En parallèle, Valeriy Tarasenko avait mis sur pied en 2010 ce qu’il présentait comme une œuvre de charité à Montréal, qu’il appelait les Cœurs unis de la miséricorde. Inna Yashchyshyn est inscrite au Registre des entreprises du Québec comme l’une des administratrices de l’organisme. L’organisme avait aussi une antenne à Miami. Il prétendait amasser des fonds en lien avec les grandes causes humanitaires de l’heure, comme le passage d’un ouragan en Haïti ou l’effondrement d’un pont en Italie.

Trois résidants de la Floride ont déclaré à des journalistes membres de l’OCCRP et au Pittsburgh Post-Gazette qu’ils avaient été interrogés par le FBI au sujet de cette prétendue œuvre de charité. Une ancienne administratrice de l’organisme a déposé au palais de justice de Montréal une déclaration selon laquelle les Cœurs unis de la miséricorde étaient utilisés à des fins frauduleuses.

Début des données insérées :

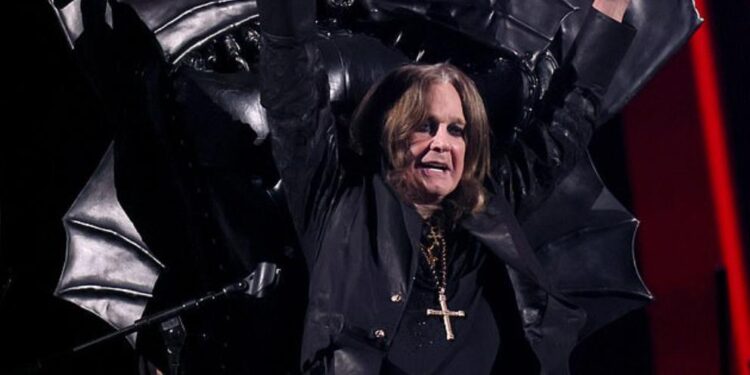 OZZY OSBOURNE SE DESPIDE DE LOS ESCENARIOS CON CONCIERTO HISTÓRICO EN BIRMINGHAM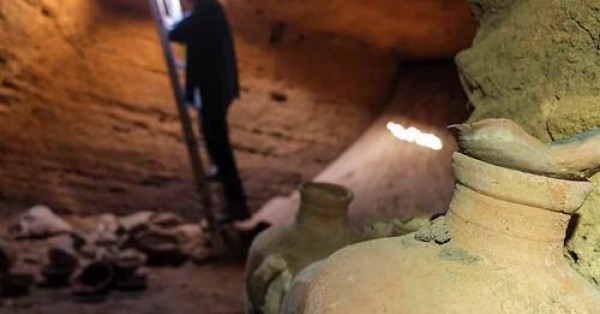 Hallan intacta una cueva funeraria de más de 3 mil años en Israel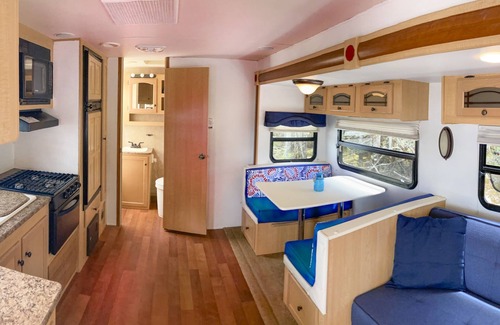 River Bourgeois House | Secluded Camper's Nest: Canoe Bay Retreat Near St. Peters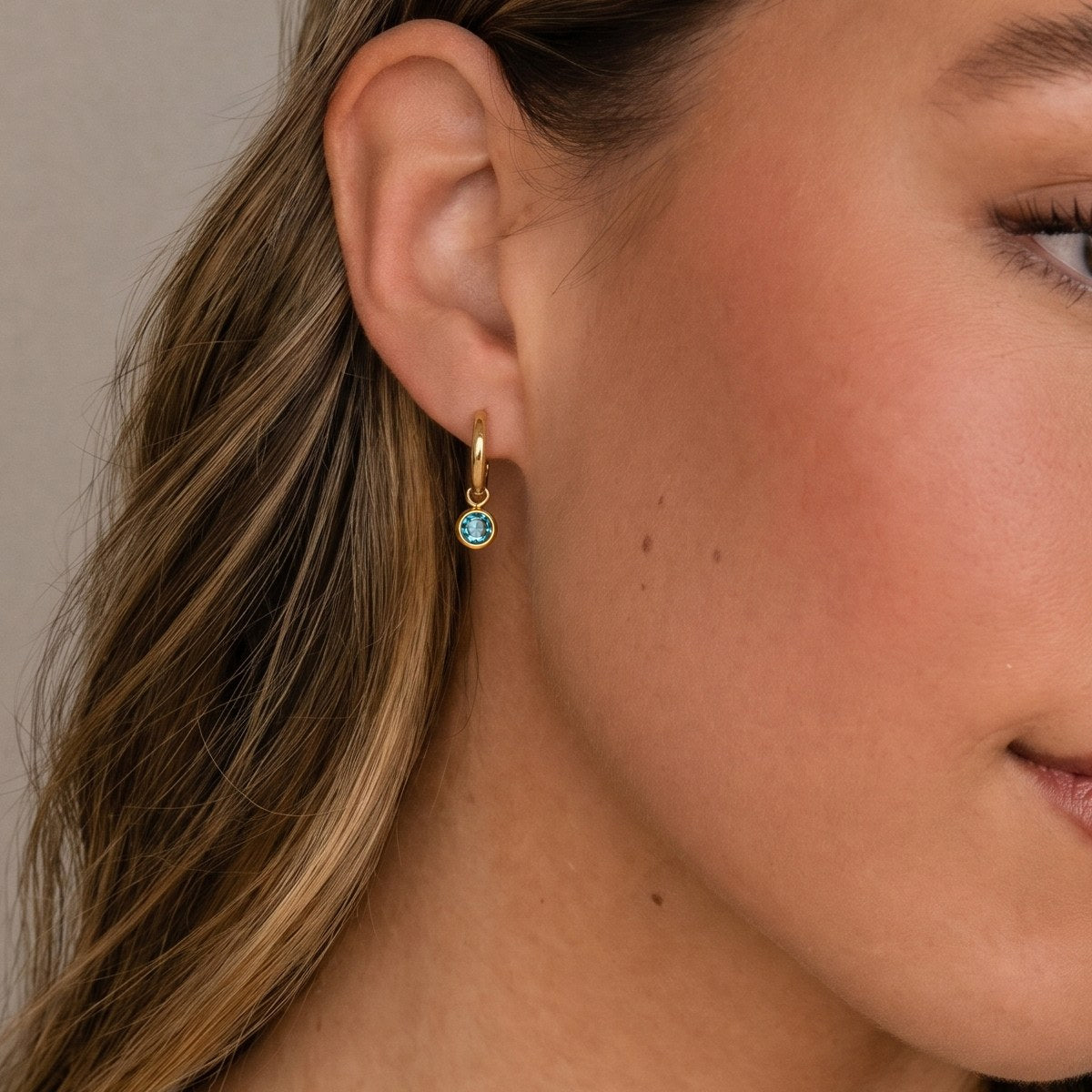 Glowing Aqua Solitaire Drop Hoops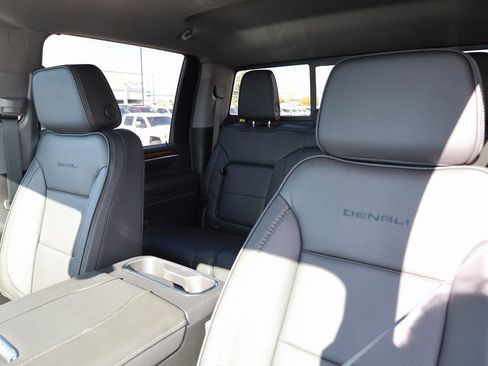 New 2026 GMC Sierra 3500 Denali w/ Technology Package image 17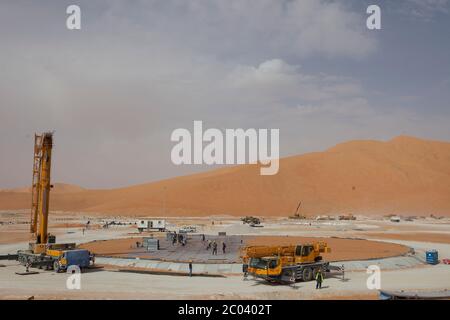 Öltanks in einer neuen Ölanlage in der Wüste Sahara im Bau. Stockfoto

Un employé d’une entreprise de paiements en ligne, Stripe Inc., a expliqué aux journalistes de l’OCCRP que plusieurs cartes de crédit avaient été utilisées frauduleusement pour faire des dons à l’organisme. La direction d’une autre plateforme de paiement en ligne spécialisée dans les œuvres de charité Fundrazr.com, a confirmé dans une déclaration avoir refusé de traiter les paiements de l’organisme, car celui-ci avait « échoué aux contrôles internes antifraude ».

L’Agence du revenu du Canada n’a d’ailleurs trouvé aucune trace de l’organisme dans ses archives. « Au sujet des Cœurs unis de la miséricorde, nous pouvons confirmer que selon les registres de l’Agence du revenu du Canada, cette organisation n’est pas présentement une œuvre de charité enregistrée et qu’elle ne l’a pas été auparavant », a déclaré un porte-parole par courriel.

Jointe par La Presse vendredi, Inna Yashchyshyn n’a pas voulu commenter l’agression contre son ancien partenaire.

« De toute façon, je ne sais pas ce qu’ils font depuis que je les ai quittés il y a un an », a-t-elle déclaré au sujet de la famille Tarasenko.

« Donc je n’ai pas de commentaires », a-t-elle conclu.

Avec la collaboration de Delphine Belzile et Henri Ouellette-Vézina, La Presse, et des journalistes de l’Organized Crime and Corruption Reporting Project (OCCRP)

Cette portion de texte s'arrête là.